Greek Key Terms:
Context: Paul corrects the Corinthian church's denial of bodily resurrection. He begins by rehearsing the core gospel: Christ died for our sins according to the Scriptures, was buried, and was raised on the third day according to the Scriptures. This is the "gospel of first importance"—the foundation on which everything else stands.
Connections:
Connection Method(s): Typology (Direct, Forward-Looking), Promise-Fulfillment — Christ's death and third-day resurrection fulfill the Isaac typology of near-death and third-day deliverance (Genesis 22:4), while completing the prophetic promises of substitutionary atonement (Isaiah 53) and resurrection (Psalm 16:10, Hosea 6:2).
Christological Connection: Paul presents Christ's death and resurrection as the reality to which Isaac's near-death and deliverance pointed. The Akedah raised the question: Can God deliver from death?
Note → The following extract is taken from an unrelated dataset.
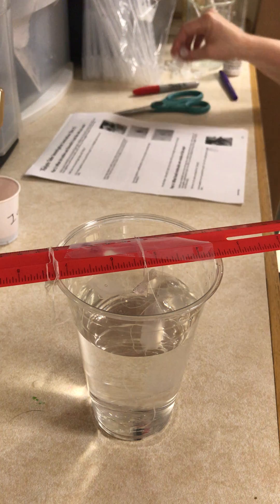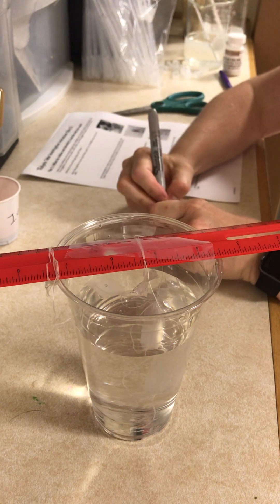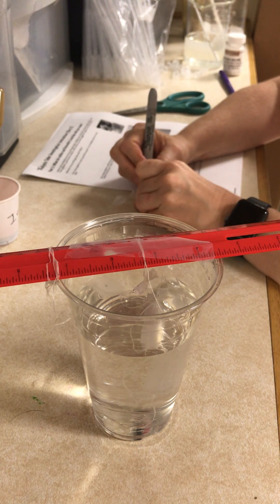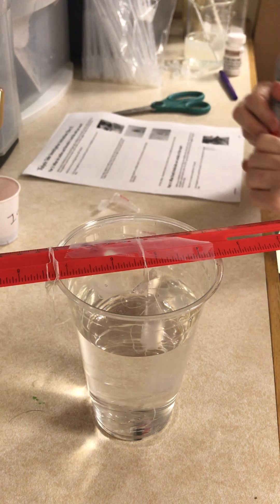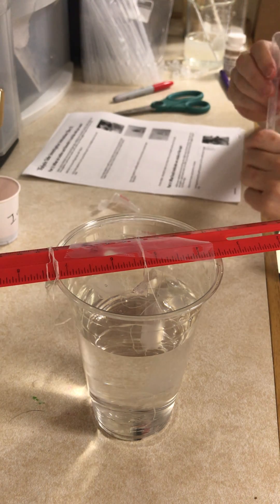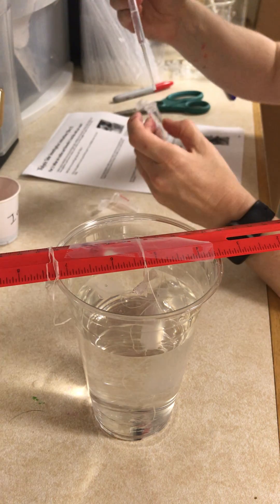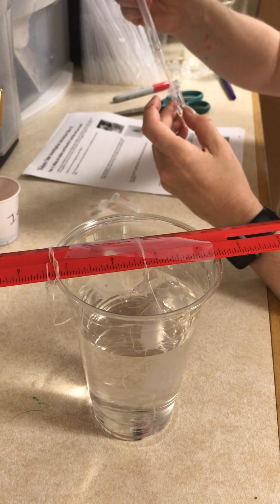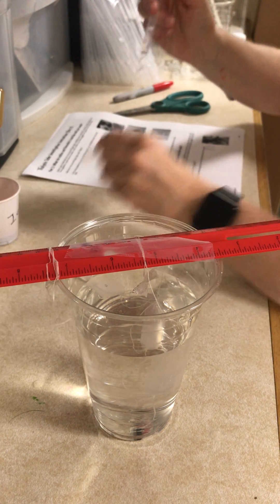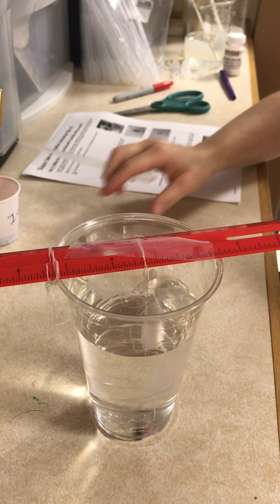I'm going to take two tubes and I'm going to label each of my tubes 'water.' Then I'm going to take a pipette and I'm going to add one milliliter of distilled water to each tube, cap it, and put it off to the side.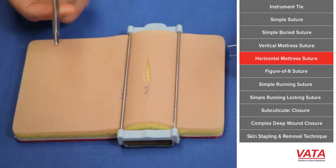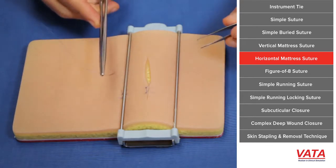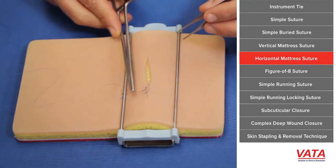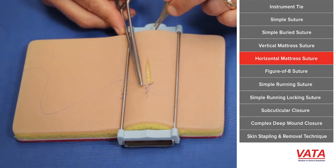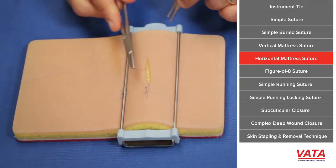This type of suture is going to be part of your armamentarium. Sometimes you can change it to a horizontal position, so these are all in the same line — hence the term vertical. Now we're going to do a horizontal mattress here. The idea is not to go near-near or far-far; take the same size bite each time. It's effectively two simple sutures combined into one suture.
Abraham believed God could raise Isaac from the dead (Hebrews 11:19). Christ's resurrection answers definitively: Yes. God not only can raise the dead—He did, in Christ. The escalation: Isaac's "figurative" resurrection (Hebrews 11:19) → Christ's actual resurrection → believers' future resurrection (1 Corinthians 15:20-23). Isaac's third-day deliverance (Genesis 22:4) foreshadowed Christ's third-day resurrection (1 Corinthians 15:4). The ram substituted for Isaac died; Christ as our substitute died and rose. Isaac lived because a ram died; we live because Christ died and rose. The pattern climaxes here: miraculous birth → willing sacrifice → third-day deliverance → life for many. What was rehearsed in Isaac is accomplished in Christ. We are "children of promise like Isaac" (Galatians 4:28) because, like Isaac, we receive life through God's power over death—ultimately, through Christ's resurrection.